Ci sono diversi tipi di invidia, e quella a cui penso in queste ore è un’invidia di segno positivo, e di conseguenza propositivo, forse emulativo. Significa che scrivo queste righe, oggi, su questo sito di questa rivista (che sia Undici o Studio è indifferente), anche grazie a Grantland. Se non ci fossero stati Grantland e il suo esempio, probabilmente, un po’ di cose nel mondo dello sportswriting, non soltanto in Italia, non sarebbero successe.
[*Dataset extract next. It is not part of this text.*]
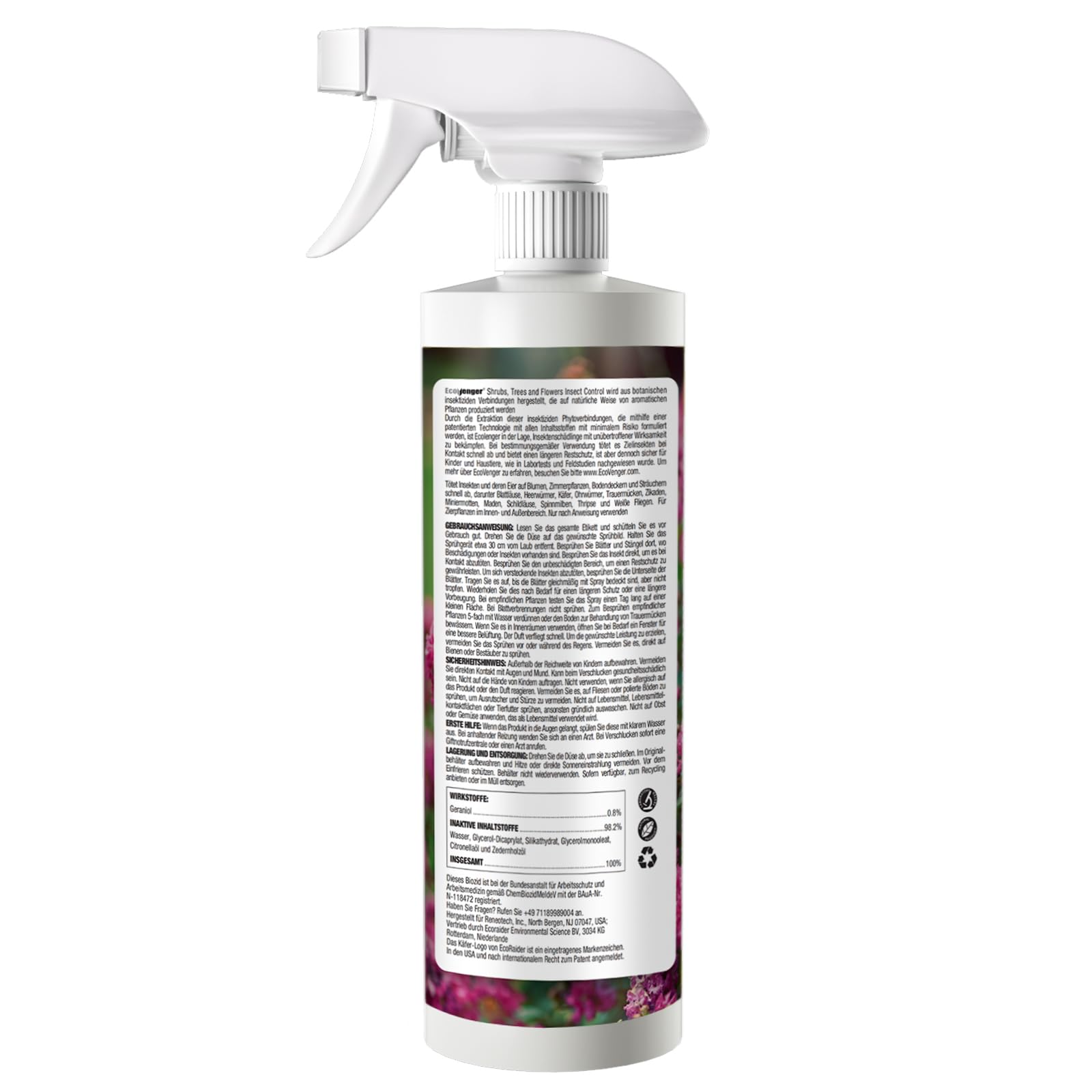 EcoVenger Garden Insect Control spray on leaves demonstrates safe on-plant pest treatment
Leggevo, in queste ore di fine ottobre, diversi articoli sulla fine di Grantland, annunciata da Espn il 30 ottobre, circa cinque mesi dopo il mancato rinnovo di contratto di Bill Simmons e la sua esclusione dal gruppo: elogi, requiem, best-of’s, editoriali polemici, ogni tipo di pezzo (forse il migliore è quello di New Republic); mi sono accorto che questa specie di invidia verso Grantland – soprattutto verso un mondo in cui Grantland è potuto nascere e vivere 4 anni, che comunque è il miglior mondo che posso immaginare oggi – persiste anche nel modo in cui si sta sviluppando la sua scomparsa. Su New Republic, ad esempio, si può leggere: «Writers Sean Fennessey, Juliet Litman, Mallory Rubin, and Chris Ryan joined their former boss Bill Simmons, who launched Grantland in 2011 back when he and ESPN were happily married, at HBO earlier this month. Film critic Wesley Morris joined the New York Times Magazine in September, while Rembert Browne’s last day at Grantland was today—he had announced earlier in October that he was joining New York. Grantland’s editorial director, Dan Fierman, joined MTV around the same time». Non fa effetto? A me sì, soprattutto se provo a sostituire i nomi di New York Times Magazine e New York con dei possibili corrispettivi nazionali. Naturalmente è un esercizio che non può portare a molto, e soprattutto che un dottore consiglierebbe di non fare, per il bene della pressione arteriosa e della fiducia in un futuro migliore, giornalisticamente parlando.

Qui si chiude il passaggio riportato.